4. Loading mechanism according to claim 3,
wherein said ammunition fed to said gun is belted ammunition, said belted ammunition being engaged by said driven means (24,60) from one side and by said feed means (22,) from an opposing side of said belted ammunition for feeding into said gun.

5. Loading mechanism according to claim 3 or 4,
wherein said feed cover (14) is rotatably coupled to said gun along said predetermined axis of rotation and
wherein said means (44,54) for maintaining said drive linkage between said feed means (22,) and said driven means (24,60) comprises linking pivot means (44,54) for mechanically coupling said driven means (24,60) and feed means (22,) together.

6. Loading mechanism according to claim 5,
wherein said linking pivot means (44,54) is a ball and clasp combination.

7. Loading mechanism according to at least one of the claims 2 to 6,
wherein said means (44,54) for maintaining drive linkage comprises
a first element (44) connected to said first portion (16) of said loading mechanism, said first element (44) being rotatable about a fixed pivot axis (52) to define an arc of travel, and
a second element (54) being rotatable about said predetermined axis (defined by pivot pin 34) and reciprocating along a predetermined line parallel to a chord of said arc defined by movement of said first element (44) about said fixed pivot axis (52),
said first and second elements (44,54) being coupled in sliding engagement with each other.

8. Loading mechanism according to claim 7,
wherein said first element is a ball (44), and
wherein said second element is two opposing arms defining a prismatic C-shaped slot (54), said ball (44) being situated in said C-shaped slot (54).

9. Loading mechanism according to at least one of the preceeding claims,
wherein said first portion (16) comprises a reciprocating cam follower (46), a fixed pivot (52), and a pivot feed lever (26),
said feed lever (26) being rotatable about said fixed pivot (52) relative to said gun,
said reciprocating cam follower (46) reciprocating with respect to said gun,
said feed lever (26) being coupled to said cam follower (46) so that said feed lever (26) is rotated about said fixed pivot (52) when said cam follower (46) is moved.

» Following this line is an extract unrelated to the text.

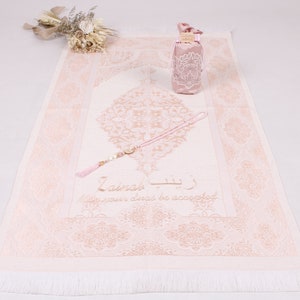 May include: A pink prayer rug with a white fringe, a pink prayer bead necklace, and a pink pouch with a white lace design. The rug has a gold-coloured floral design and the text "La ilaha illa Allah" in Arabic script, which translates to "There is no god but God".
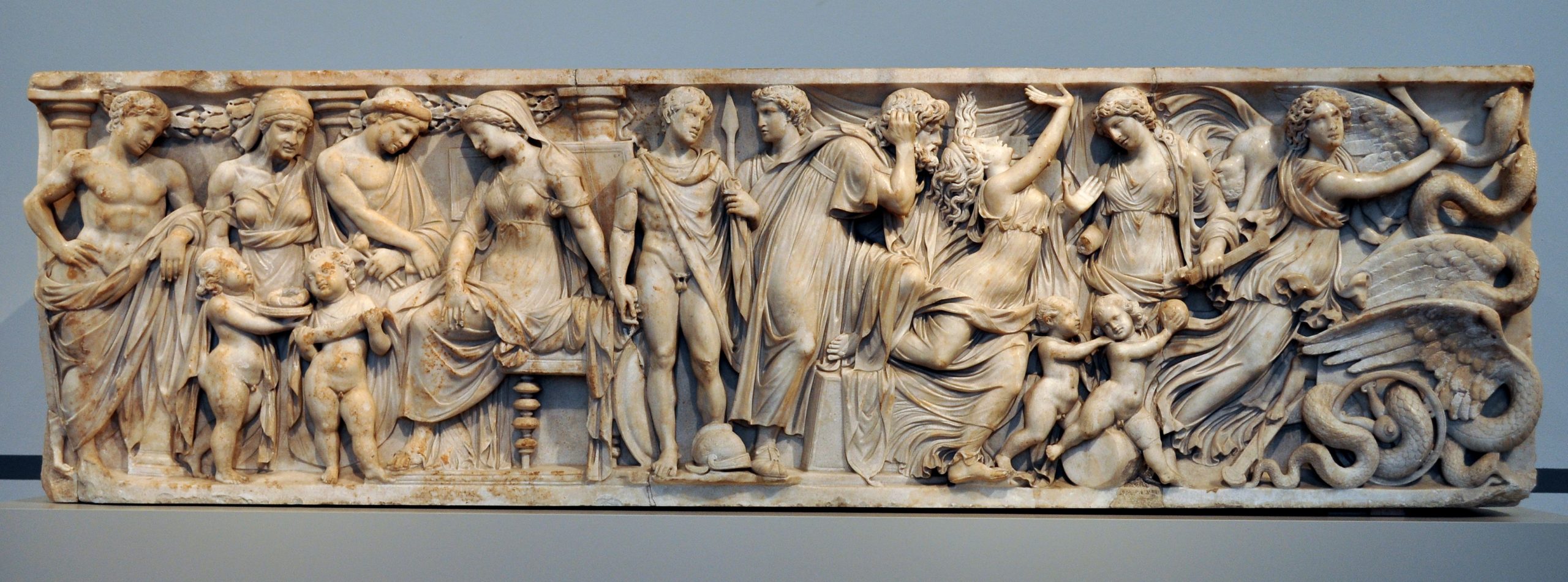 On the far left, are Medea, Jason, and their two children. The next section depicts the courtship of Jason and Creusa, followed by Jason and Creusa in suffering after Medea poisoned them. On the far right is Medea, escaping on her chariot drawn by two winged serpentine dragons.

10. Loading mechanism according to at least one of the claims 2 to 9,
wherein said second portion (14) comprises a cover pivot pin (34) and a cover housing,
said cover pivot pin (34) being fixed relative to said gun and defining said predetermined axis of rotation,
said cover housing including a fixed pivot (58), a guide track, a feed arm (42), a reciprocating feed slide (60) and at least one pawl (24),
said feed arm (42) being rotatable about said pivot (58) fixed relative to said cover housing,
said feed slide (60) reciprocating within said guide track,
said pawl (24) being rotatably and resiliently coupled to said feed slide (60) and being arranged and configured for ratcheting engangement with said ammunition.